What you need to know:

  • We only have to look at the different ways in which the laws of the land have been implemented to come to the conclusion that pro-regime communicators and sentiments will be least affected.

As far as ghosts of Uganda’s past go, the crafting of strategies to suppress freedoms seem to continuously rear their ugly heads every so often. This has been heightened by social media, whose growth and popularity has proven difficult to contain by the powers that be.
 
To attempt to regulate, something Uganda Communications Commission (UCC) seems to stretch to mean censoring, different laws and policies that have been put in place have failed to have the desired result.  

Some strategies have been abandoned while others reset to still limit free expression in the country. The battle has for a while been even more targeted at social media and Internet users.

A new policy directive recently issued by UCC states that all those who use social media must attain authorisation. Not to break from the usual fashion of vague, overly extended, and thus highly ineffective policies, this new directive is set to encompass everyone with access to the Internet with the purpose to share any online information. 

The questions of who determines what the public is, whose standards are used for determining misinformation, and whether UCC as a regulator has taken this gatekeeping role a little too far, have been asked, but no answer is provided.
 
To understand the systemic pattern that has been introduced as the Public Management Act, the Social Media Tax, the attempt to regulate artistes, and all the other largely flawed efforts to infringe on our ability to be seen and heard, I suggest a broader discussion around this.

Question is, whose interest does the enacting of directives such as these, serve?UCC’s track record is anything, but unbiased. It is seen as acting on behalf of the public good. Coming in the middle of scientific campaigns and elections, these new proposals seek to make it harder for people, especially those who communicate online,  to express themselves freely. There is no doubt as to who will be most affected by these recent moves and why. 

We only have to look at the different ways in which the laws of the land have been implemented to come to the conclusion that pro-regime communicators and sentiments will be least affected. The second question is, what is this expression that is evidently feared? Reader, your guess is as good as mine. 
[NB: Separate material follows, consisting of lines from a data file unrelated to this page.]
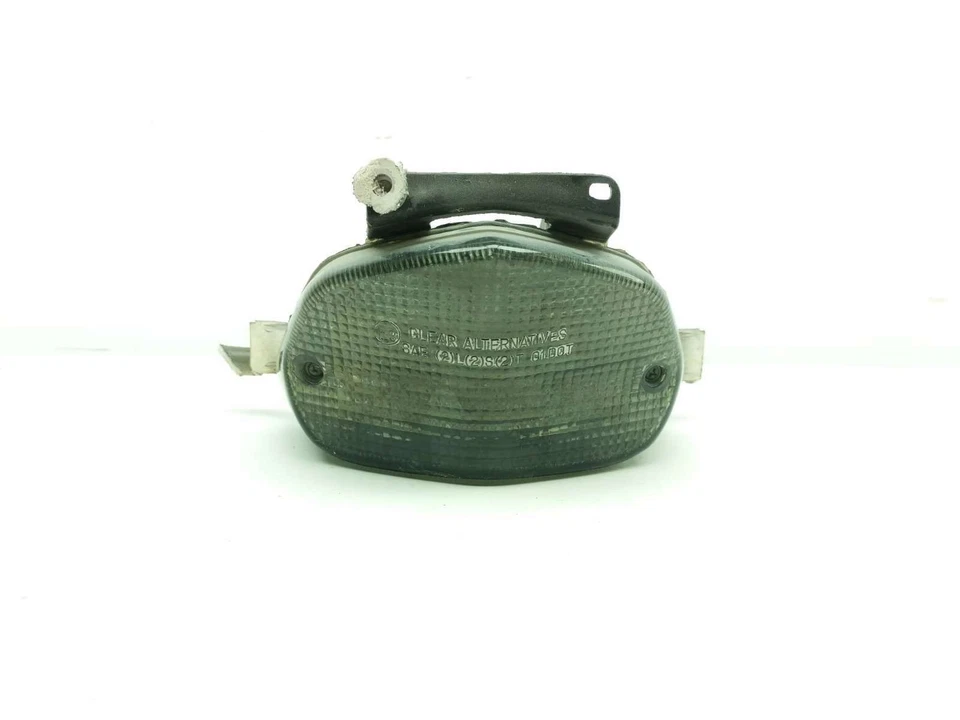 01 02 Suzuki GSXR1000 lanterna traseira traseira luz de freio traseira lente da lâmpada - Imagem 4 de 4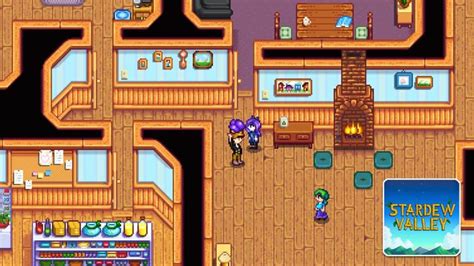 Stardew Valley - What Gifts Does Abigail Like - Gamer Empire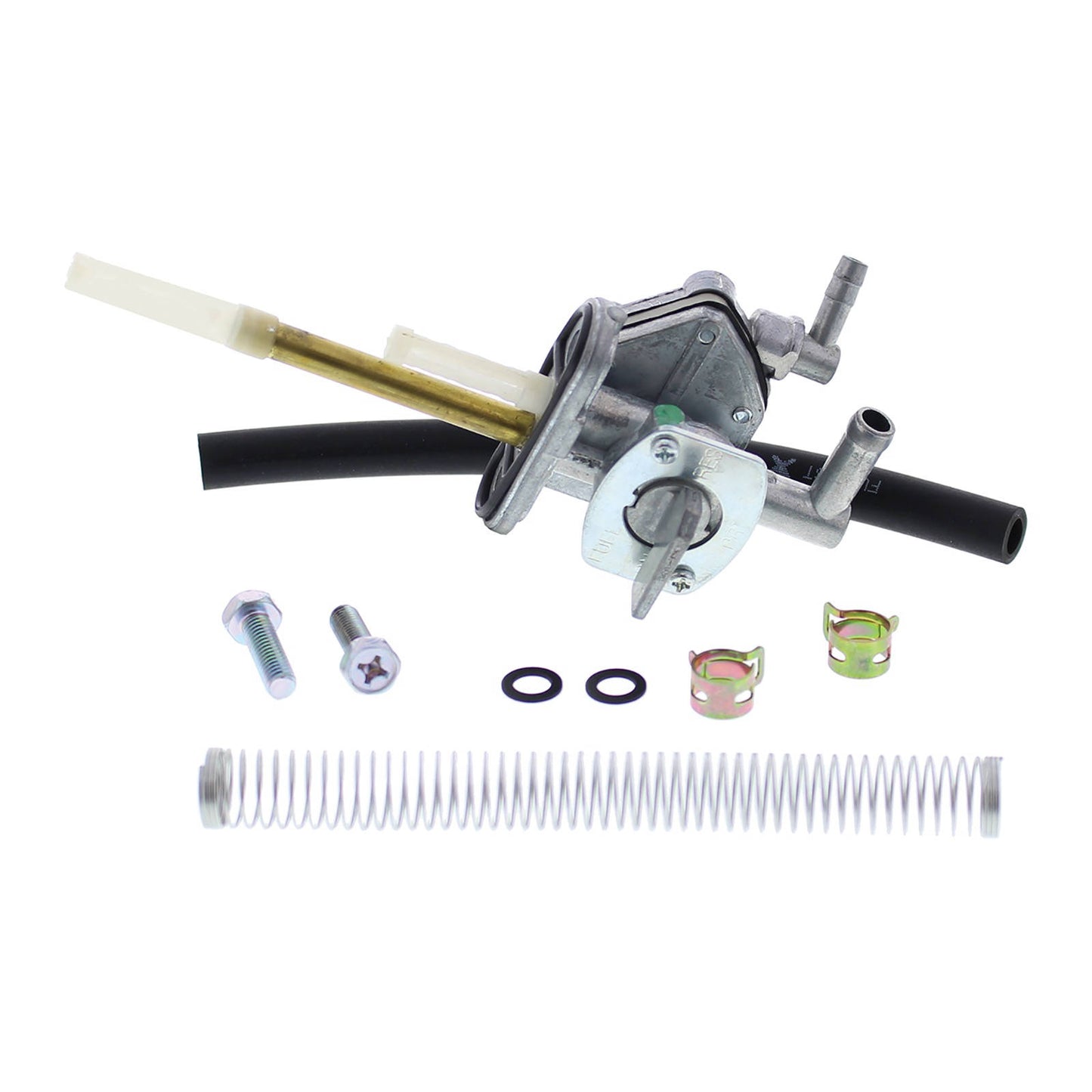All Balls Racing Fuel Tap Kit (FS101-0140)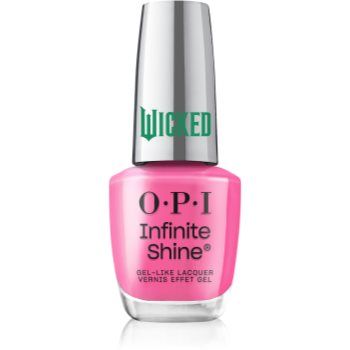 OPI Wicked Infinite Shine lac de unghii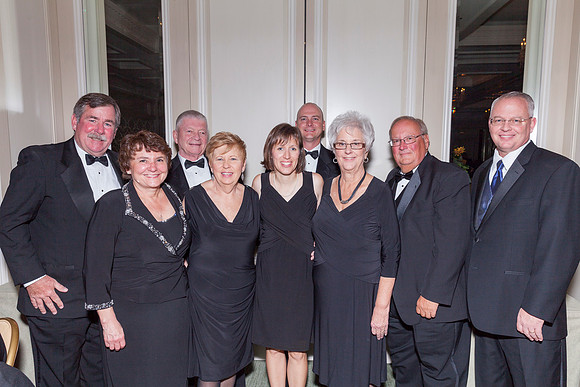 Bedner, Pheeny, Glaser, Murphy, Lauritsen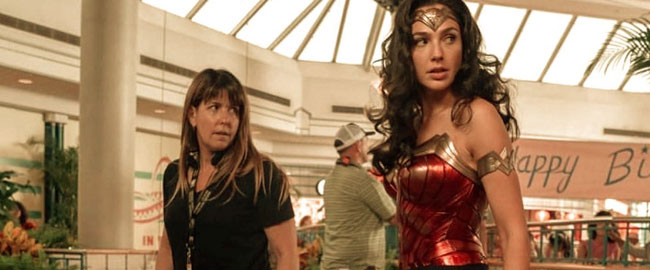 Warner confirma tercera entrega de “Wonder Woman”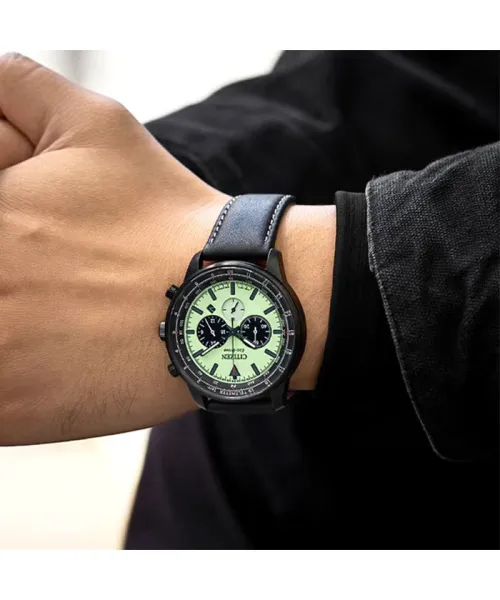 Часы Citizen CA4505-21X #3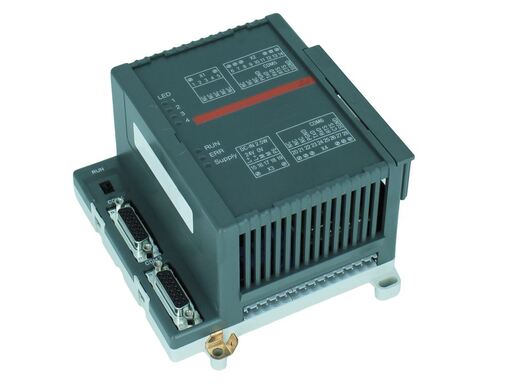 Modul             SCHNITTSTEL.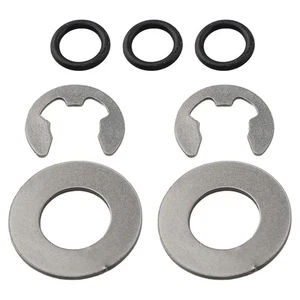 Ersatz Filterwelle Stoßstangensatz für Hayward für Perflex EC40AC EC50A ECX1011 - Bild 1 von 15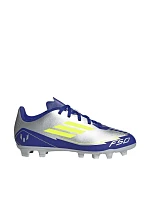 Fotbalové boty adidas F50 Club FG/MG Messi Jr IH0926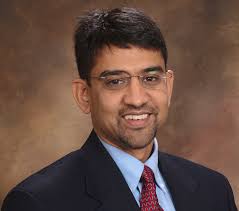 Meet Dr. Subinoy Das — U.S. Institute for Advanced Sinus Care and Research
Imagining that we are having this conversation in a society that appreciates the need for free expression, the role of the government should be to protect the rights of citizens.  This rights would, therefore, presuppose that how one exercises the them is left undefined. Yet clearly, this is far from reality. As such, restrictions to the fundamental rights and freedoms can only stand if they pass the test recognised by Article 43 of the Constitution.

This precedence as set by courts is that those who purpose to enact laws that restrict the rights and freedoms guaranteed under Chapter Four of the Constitution must prove the justification and acceptance of such a law in a free and democratic society. As UCC will once again come to learn, these directives do not pass any of these tests.